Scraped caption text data

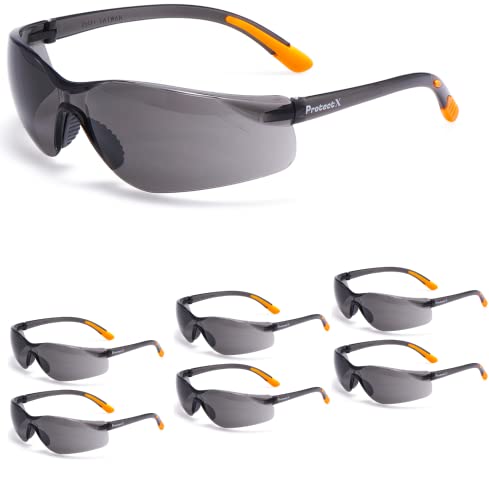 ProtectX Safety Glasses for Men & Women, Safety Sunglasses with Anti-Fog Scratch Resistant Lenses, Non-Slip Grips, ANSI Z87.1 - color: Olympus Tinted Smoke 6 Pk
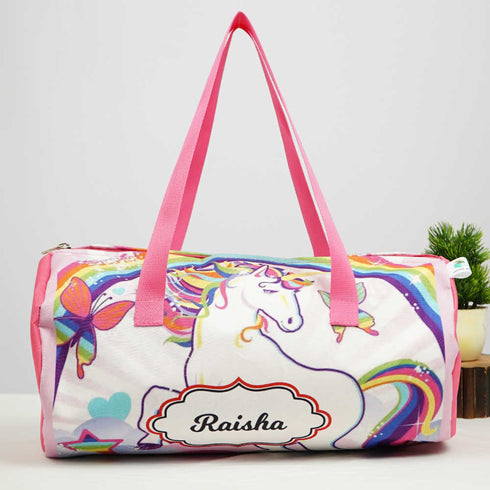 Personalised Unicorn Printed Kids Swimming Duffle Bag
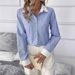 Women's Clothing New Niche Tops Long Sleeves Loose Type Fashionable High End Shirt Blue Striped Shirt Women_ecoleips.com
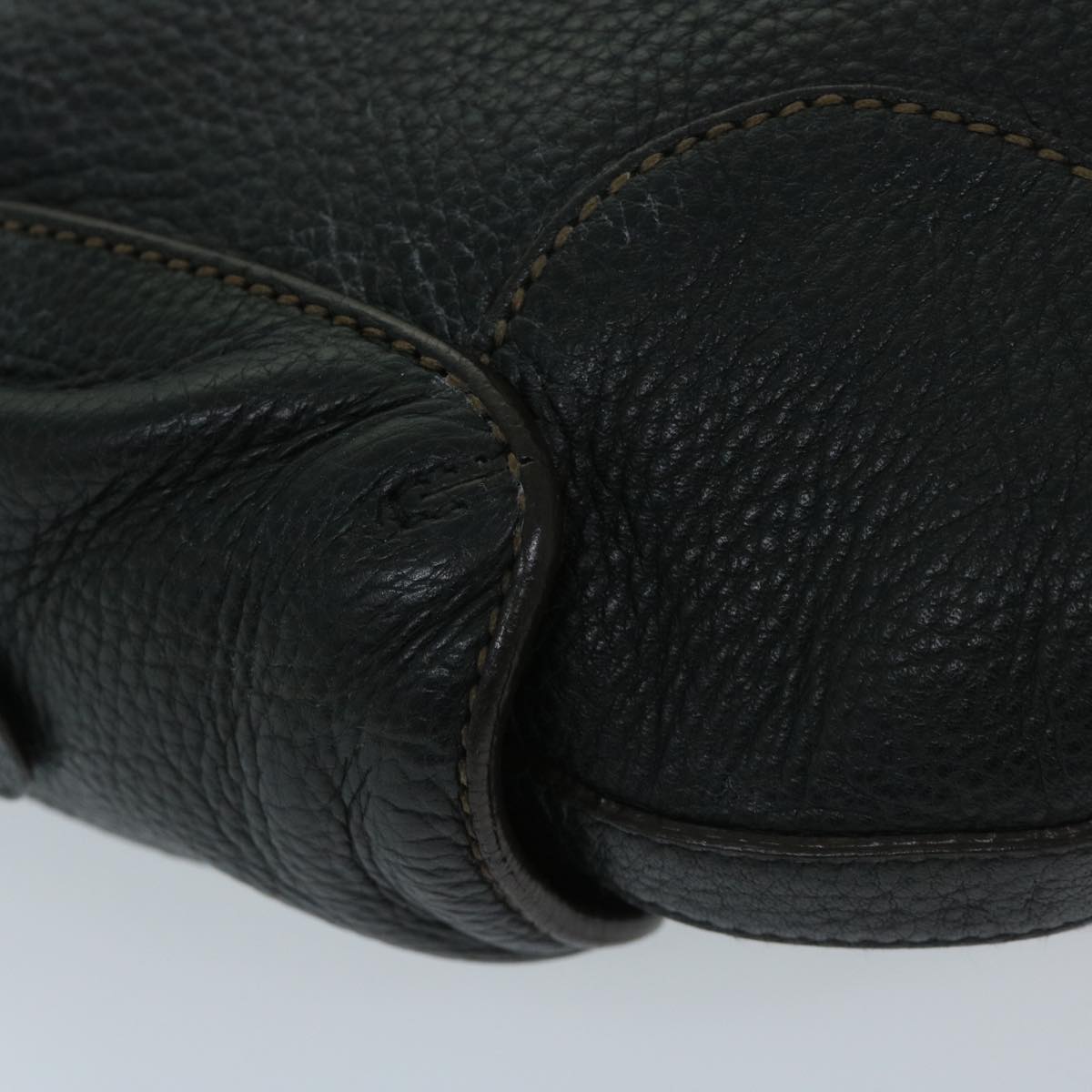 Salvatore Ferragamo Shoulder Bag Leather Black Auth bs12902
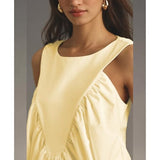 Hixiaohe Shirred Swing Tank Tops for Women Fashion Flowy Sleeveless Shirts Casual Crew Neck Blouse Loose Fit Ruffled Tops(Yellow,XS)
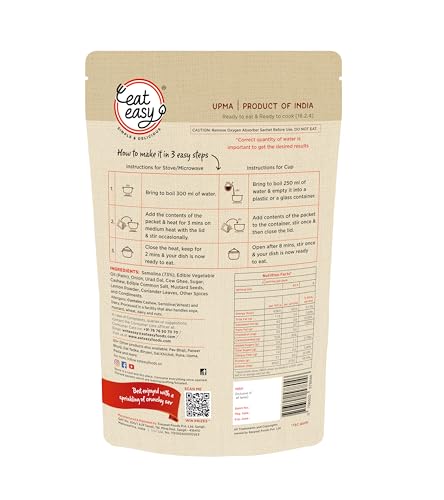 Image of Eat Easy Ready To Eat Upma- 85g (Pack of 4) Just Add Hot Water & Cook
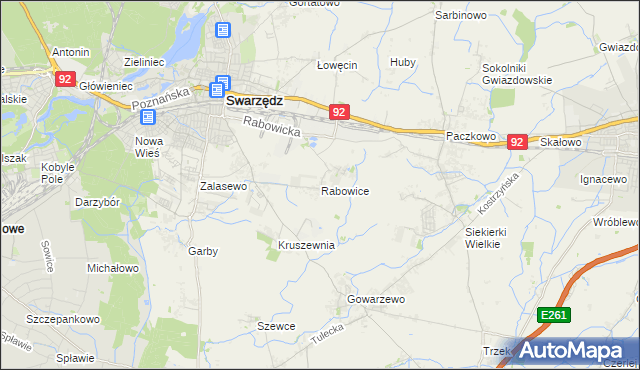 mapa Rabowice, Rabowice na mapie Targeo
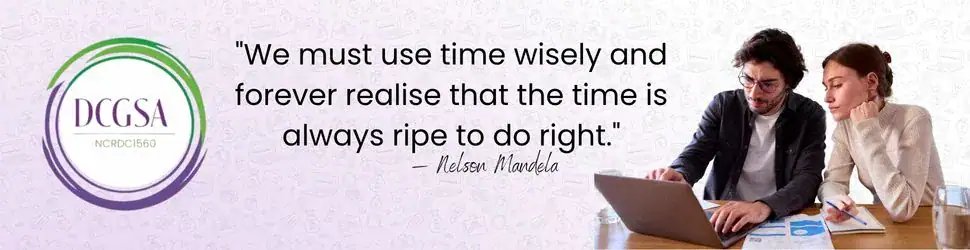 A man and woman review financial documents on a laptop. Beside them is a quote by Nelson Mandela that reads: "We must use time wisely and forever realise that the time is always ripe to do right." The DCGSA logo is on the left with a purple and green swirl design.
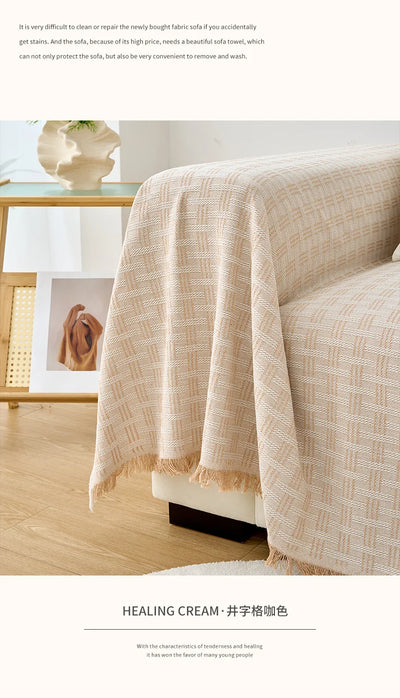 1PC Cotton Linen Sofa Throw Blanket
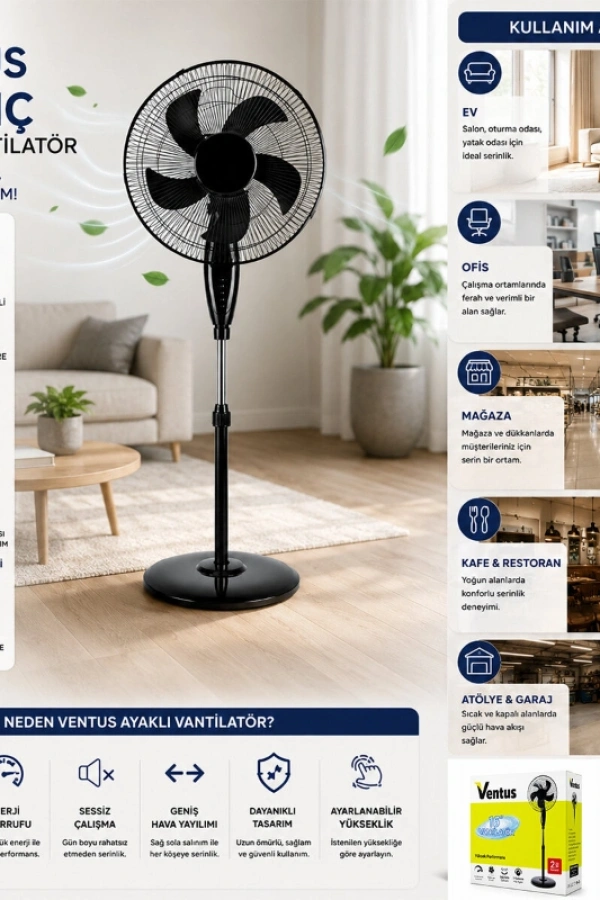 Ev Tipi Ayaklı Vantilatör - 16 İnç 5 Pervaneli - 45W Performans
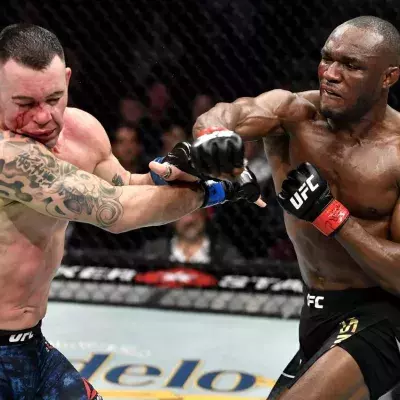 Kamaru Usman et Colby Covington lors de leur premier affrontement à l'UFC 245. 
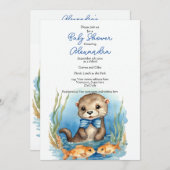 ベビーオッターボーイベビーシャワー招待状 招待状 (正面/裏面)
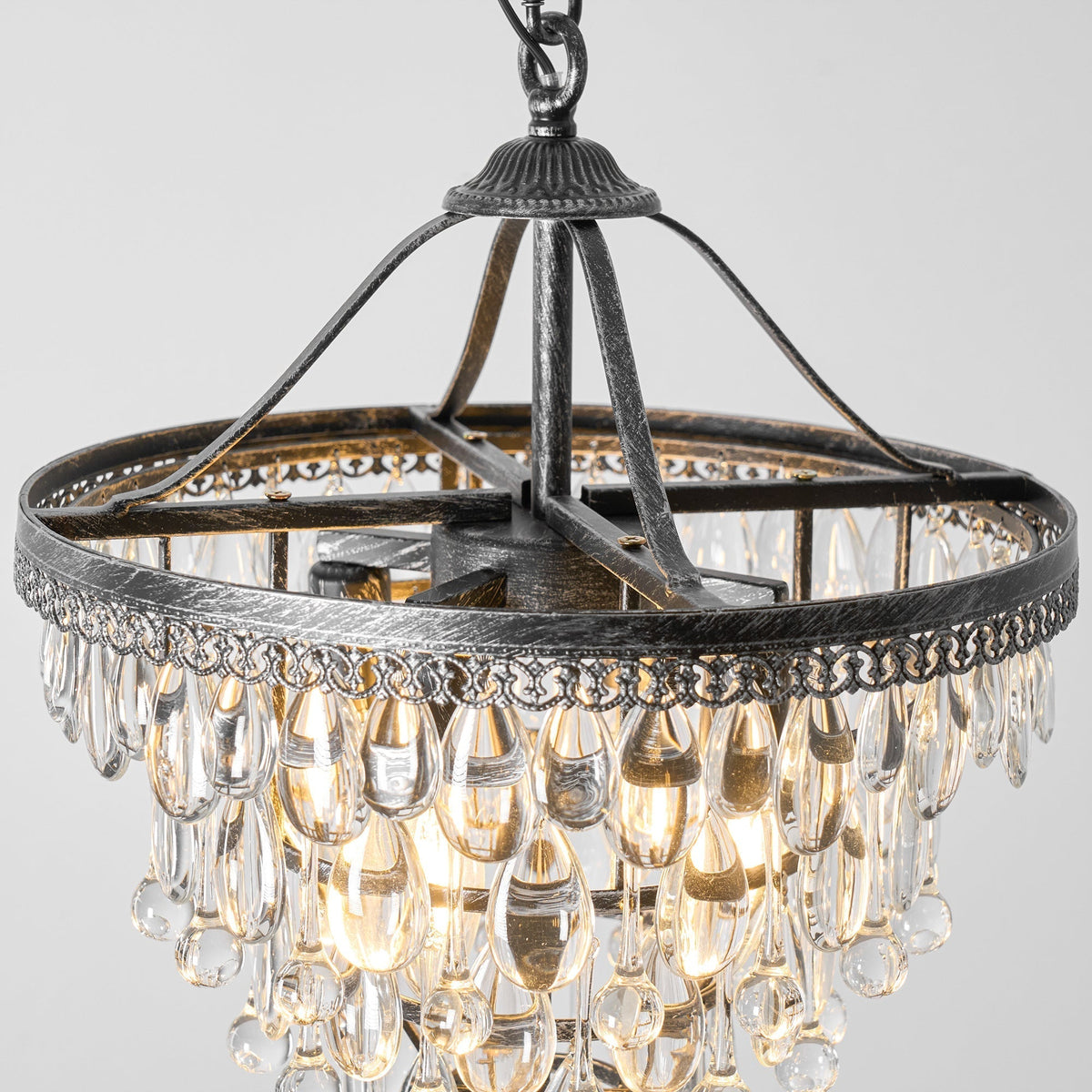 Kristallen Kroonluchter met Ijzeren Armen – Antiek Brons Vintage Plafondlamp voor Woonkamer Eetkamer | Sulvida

**Problem:** Your answer should consist solely of the lines from the one with "Ev Tipi Ayaklı" through the last line of the entries, restated word for word, with the pictures omitted.

**Task output:**
 Ev Tipi Ayaklı Vantilatör - 16 İnç 5 Pervaneli - 45W Performans
 Kamaru Usman et Colby Covington lors de leur premier affrontement à l'UFC 245. 
 ベビーオッターボーイベビーシャワー招待状 招待状 (正面/裏面)
 Kristallen Kroonluchter met Ijzeren Armen – Antiek Brons Vintage Plafondlamp voor Woonkamer Eetkamer | Sulvida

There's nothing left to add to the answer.